A growing number of traffickers and dealers have been mixing fentanyl with other drugs in recent years. The Centers for Disease Control and Prevention states that fentanyl is 50x more potent then heroin and 100x more potent as morphine. According to the National Institute on Drug Abuse, people who do not realize that they are taking fentanyl-laced cocaine run a greater risk of overdosing. Overdose of cocaine laced with illegal fentanyl can cause cardiac arrest and permanent brain damage. It is impossible to determine if the drug has been laced.
There are many signs that indicate overdose, including unpleasant symptoms or lethal strokes or heart attacks. These are the most frequent signs of overdose:
Medical professionals attempt to restore blood flow to the heart and brain, as well as stop seizures. Naloxone can be helpful for some overdose victims. Call 911 immediately if you suspect that you have taken an overdose.
The first step in physical therapy is to eliminate the harmful effects of cocaine. This is called detoxification, or ” detox.” Supplied medical detox is recommended to manage withdrawal symptoms.

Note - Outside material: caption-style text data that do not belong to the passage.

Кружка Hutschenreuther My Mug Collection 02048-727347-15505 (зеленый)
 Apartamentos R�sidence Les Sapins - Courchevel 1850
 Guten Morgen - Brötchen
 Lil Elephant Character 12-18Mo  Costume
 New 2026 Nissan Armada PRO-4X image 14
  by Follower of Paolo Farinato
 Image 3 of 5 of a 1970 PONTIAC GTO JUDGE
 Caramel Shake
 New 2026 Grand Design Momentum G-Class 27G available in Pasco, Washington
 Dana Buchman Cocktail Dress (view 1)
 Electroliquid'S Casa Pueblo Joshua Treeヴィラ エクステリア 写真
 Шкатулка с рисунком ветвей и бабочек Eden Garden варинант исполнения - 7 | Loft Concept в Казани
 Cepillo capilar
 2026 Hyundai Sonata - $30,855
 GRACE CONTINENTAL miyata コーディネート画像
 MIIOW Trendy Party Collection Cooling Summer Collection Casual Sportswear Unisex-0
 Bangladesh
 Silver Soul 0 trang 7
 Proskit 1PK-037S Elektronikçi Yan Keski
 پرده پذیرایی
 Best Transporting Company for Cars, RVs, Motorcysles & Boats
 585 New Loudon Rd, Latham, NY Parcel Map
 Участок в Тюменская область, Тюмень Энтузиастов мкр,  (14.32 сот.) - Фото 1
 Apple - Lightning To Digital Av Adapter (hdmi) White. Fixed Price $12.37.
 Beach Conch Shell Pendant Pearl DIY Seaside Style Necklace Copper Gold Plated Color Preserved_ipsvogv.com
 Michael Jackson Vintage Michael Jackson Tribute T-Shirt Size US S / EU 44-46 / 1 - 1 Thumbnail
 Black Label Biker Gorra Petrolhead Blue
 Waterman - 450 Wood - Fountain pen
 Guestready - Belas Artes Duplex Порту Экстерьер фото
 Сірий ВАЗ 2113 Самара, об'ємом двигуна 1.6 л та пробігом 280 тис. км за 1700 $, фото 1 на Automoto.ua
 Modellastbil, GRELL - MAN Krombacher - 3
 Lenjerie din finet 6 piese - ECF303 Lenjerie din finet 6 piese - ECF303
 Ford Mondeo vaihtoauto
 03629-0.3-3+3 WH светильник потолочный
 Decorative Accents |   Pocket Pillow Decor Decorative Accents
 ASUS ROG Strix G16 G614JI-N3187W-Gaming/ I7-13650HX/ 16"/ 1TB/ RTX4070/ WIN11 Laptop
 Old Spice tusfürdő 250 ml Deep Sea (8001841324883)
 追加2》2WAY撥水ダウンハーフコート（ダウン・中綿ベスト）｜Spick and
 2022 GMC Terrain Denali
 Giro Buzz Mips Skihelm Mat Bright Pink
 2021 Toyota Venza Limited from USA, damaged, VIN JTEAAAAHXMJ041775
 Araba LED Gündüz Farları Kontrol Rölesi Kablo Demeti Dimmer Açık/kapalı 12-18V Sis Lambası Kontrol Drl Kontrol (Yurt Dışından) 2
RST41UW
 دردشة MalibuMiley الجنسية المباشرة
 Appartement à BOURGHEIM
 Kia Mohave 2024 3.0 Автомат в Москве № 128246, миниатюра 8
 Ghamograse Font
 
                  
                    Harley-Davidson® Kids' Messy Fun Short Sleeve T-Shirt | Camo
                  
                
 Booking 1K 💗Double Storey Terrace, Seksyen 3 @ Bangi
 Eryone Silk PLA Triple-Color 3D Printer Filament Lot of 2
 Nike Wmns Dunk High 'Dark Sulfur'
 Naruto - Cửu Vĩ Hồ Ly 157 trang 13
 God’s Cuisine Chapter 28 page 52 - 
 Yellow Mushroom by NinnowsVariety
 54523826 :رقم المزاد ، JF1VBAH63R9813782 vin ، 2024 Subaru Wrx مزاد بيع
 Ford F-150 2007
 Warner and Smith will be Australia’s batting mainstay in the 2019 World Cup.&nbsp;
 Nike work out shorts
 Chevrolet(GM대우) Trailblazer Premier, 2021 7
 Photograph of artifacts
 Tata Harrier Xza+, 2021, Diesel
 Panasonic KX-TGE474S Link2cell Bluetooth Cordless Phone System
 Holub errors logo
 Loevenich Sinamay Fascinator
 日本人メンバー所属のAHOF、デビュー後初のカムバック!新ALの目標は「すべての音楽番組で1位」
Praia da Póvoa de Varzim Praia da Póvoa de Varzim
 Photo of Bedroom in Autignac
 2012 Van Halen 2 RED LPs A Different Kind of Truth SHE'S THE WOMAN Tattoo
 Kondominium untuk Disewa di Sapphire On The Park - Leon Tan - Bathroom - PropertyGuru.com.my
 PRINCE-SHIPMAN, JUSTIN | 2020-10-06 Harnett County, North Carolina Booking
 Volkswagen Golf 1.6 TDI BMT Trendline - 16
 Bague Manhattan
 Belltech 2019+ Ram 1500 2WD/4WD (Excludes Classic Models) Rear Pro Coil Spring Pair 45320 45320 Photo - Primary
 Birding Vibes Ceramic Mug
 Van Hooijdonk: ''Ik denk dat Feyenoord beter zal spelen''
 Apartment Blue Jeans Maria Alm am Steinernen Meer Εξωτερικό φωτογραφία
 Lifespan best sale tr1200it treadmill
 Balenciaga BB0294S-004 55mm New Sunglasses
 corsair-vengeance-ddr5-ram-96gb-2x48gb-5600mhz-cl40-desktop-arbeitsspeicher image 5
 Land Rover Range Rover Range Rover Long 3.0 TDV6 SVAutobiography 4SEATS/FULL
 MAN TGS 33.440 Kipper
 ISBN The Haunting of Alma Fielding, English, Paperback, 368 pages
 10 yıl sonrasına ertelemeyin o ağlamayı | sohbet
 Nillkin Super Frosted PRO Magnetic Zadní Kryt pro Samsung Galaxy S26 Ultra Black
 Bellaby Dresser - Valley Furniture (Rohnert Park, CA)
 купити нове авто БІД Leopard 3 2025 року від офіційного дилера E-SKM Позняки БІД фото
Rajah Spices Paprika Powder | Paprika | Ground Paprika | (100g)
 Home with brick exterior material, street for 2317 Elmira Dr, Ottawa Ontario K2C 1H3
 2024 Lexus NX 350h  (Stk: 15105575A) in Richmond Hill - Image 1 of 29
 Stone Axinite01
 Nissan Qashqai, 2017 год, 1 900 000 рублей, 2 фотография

The time it takes to detox from cocaine can vary from days to months. As the body attempts to balance itself, the risk of resuming use rises.
When cocaine is stopped, strong cravings for the drug are common. With withdrawal symptoms that last up to 10 weeks and begin a few days after last use, these symptoms can be quite severe. These phases may include:
Addiction is a multifaceted, complex chronic condition. Although there is no cure for substance abuse, it can be managed and treated. Addiction treatment at Hazelden Betty Ford addresses every aspect of recovery through science-based assessment, medication assisted treatment and evidence-based methods. There is also programming that can address mental, emotional, and spiritual health. Integrative care is about healing the mind, body and spirit. To address co-occurring mental disorders like anxiety, depression, trauma and bipolar disorder, addiction counselors work with mental health professionals.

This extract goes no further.